§ **What is needed**
Print the line that contains "Dustyridge Equine Centre — Osterwick (2)" and every line after it through the last line of the records below, exactly as written and nothing else.
─── Record excerpts
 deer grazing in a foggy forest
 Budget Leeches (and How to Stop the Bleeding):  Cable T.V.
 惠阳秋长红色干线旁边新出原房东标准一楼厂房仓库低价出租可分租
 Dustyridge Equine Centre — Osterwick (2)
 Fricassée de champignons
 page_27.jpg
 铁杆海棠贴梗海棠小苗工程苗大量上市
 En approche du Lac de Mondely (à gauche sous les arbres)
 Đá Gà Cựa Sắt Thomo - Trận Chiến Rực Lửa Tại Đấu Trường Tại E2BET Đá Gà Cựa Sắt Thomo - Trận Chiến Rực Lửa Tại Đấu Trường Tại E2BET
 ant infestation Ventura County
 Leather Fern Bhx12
──────
§ **Answer space**
 Dustyridge Equine Centre — Osterwick (2)
 Fricassée de champignons
 page_27.jpg
 铁杆海棠贴梗海棠小苗工程苗大量上市
 En approche du Lac de Mondely (à gauche sous les arbres)
 Đá Gà Cựa Sắt Thomo - Trận Chiến Rực Lửa Tại Đấu Trường Tại E2BET Đá Gà Cựa Sắt Thomo - Trận Chiến Rực Lửa Tại Đấu Trường Tại E2BET
 ant infestation Ventura County
 Leather Fern Bhx12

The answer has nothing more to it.